The Forensic Media Detection (FMD) Tool is a comprehensive AI & ML-driven system designed to detect deepfake artifacts across multiple media modalities. The tool employs state-of-the-art deep learning techniques to analyze images, videos, and audio files for signs of manipulation or synthetic generation.
The FMD tool follows a modular architecture with the following key components:
fmd_tool/
├── image_forensics/
│ └── image_detector.py
├── video_forensics/
│ └── video_detector.py
├── audio_forensics/
│ └── audio_detector.py
├── multimodal_analysis/
│ └── multimodal_detector.py
├── cli/
│ └── fmd_cli.py
├── tests/
│ ├── test_image_detector.py
│ ├── test_video_detector.py
│ ├── test_audio_detector.py
│ └── test_multimodal_detector.py
├── data/
│ └── (test files and datasets)
└── documentation/
├── user_manual.md
└── technical_documentation.md
The Image Forensics module implements three primary detection approaches:
- Vision Transformer (ViT) Classifier: A PyTorch-based ViT model for state-of-the-art generalization.
- XceptionNet-based Classifier: A TensorFlow-based Xception model fine-tuned for deepfake detection.
- Autoencoder-based Anomaly Detection: An autoencoder that learns to reconstruct authentic images and flags anomalies.
- Pixel-level Inconsistency Detection: Uses gradient analysis to identify anomalous pixel patterns
- Lighting Consistency Analysis: Analyzes lighting distribution across image regions
- Preprocessing Pipeline: Standardized image preprocessing for consistent model input
XceptionNet Configuration:
- Input Shape: (256, 256, 3)
- Base Model: Xception (pre-trained on ImageNet)
- Fine-tuning: Last 20 layers unfrozen
- Output: Single sigmoid neuron for binary classification
Autoencoder Configuration:
- Encoder: 4 Conv2D layers with max pooling
- Decoder: 4 Conv2DTranspose layers with upsampling
- Loss Function: Mean Squared Error (MSE)

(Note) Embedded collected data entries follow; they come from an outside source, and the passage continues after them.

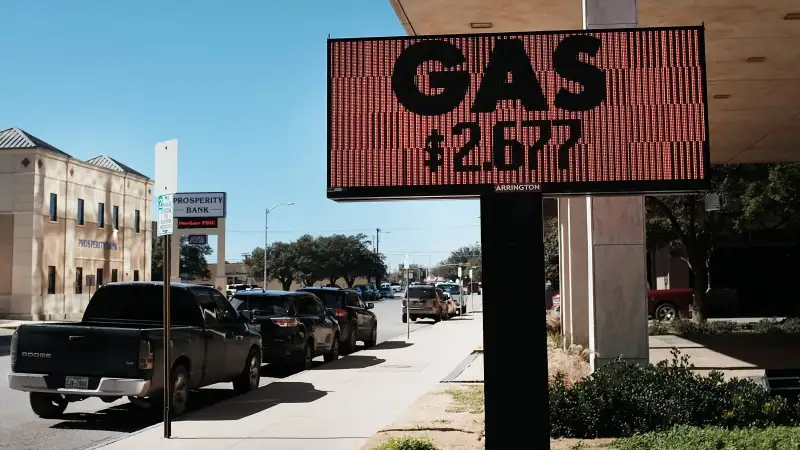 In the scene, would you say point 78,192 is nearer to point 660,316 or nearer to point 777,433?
point 660,316

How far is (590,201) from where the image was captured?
10820 millimetres

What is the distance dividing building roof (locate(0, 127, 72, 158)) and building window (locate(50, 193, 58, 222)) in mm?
2327

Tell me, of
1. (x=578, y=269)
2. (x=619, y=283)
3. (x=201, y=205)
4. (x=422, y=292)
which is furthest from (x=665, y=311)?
(x=619, y=283)

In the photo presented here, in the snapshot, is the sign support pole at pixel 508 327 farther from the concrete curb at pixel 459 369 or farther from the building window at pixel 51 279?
the building window at pixel 51 279

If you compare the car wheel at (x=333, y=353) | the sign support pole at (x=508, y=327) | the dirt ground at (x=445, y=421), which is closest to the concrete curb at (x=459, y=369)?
the dirt ground at (x=445, y=421)

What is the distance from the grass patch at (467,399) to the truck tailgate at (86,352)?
4042mm

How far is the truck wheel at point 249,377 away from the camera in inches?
557

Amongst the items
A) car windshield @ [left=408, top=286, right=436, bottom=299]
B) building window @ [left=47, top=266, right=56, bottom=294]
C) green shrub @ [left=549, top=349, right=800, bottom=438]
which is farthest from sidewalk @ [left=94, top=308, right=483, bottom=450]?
building window @ [left=47, top=266, right=56, bottom=294]

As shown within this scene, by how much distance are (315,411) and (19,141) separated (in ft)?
125

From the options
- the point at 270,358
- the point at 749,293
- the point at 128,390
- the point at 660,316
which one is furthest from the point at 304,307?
the point at 749,293

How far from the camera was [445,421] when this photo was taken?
9.76 metres

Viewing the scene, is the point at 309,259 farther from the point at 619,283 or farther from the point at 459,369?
the point at 619,283

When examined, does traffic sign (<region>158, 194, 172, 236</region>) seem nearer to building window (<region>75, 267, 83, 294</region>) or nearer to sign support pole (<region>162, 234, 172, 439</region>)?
sign support pole (<region>162, 234, 172, 439</region>)

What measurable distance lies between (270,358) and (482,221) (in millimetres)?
11020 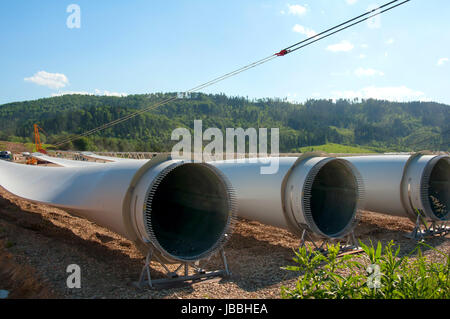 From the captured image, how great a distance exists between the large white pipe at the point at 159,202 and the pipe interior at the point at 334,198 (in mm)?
2864

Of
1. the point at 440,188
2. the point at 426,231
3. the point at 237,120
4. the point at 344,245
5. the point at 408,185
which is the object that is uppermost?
the point at 237,120

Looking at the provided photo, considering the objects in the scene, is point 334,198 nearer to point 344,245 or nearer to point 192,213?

The Video Forensics module employs a CNN-LSTM hybrid architecture for temporal anomaly detection:
- Frame Extraction: Systematic sampling of video frames
- CNN Feature Extraction: Spatial feature extraction from individual frames
- LSTM Temporal Modeling: Analysis of temporal patterns across frames
- Temporal Anomaly Detection: Identifies inconsistencies in frame sequences
- Lip-Sync Analysis: Detects audio-visual synchronization mismatches
- Frame-by-Frame Analysis: Detailed examination of individual frames
CNN-LSTM Configuration:
- Input Shape: (sequence_length, 256, 256, 3)
- CNN Layers: 3 Conv2D layers (64, 128, 256 filters)
- LSTM Layers: 2 LSTM layers (128, 64 units)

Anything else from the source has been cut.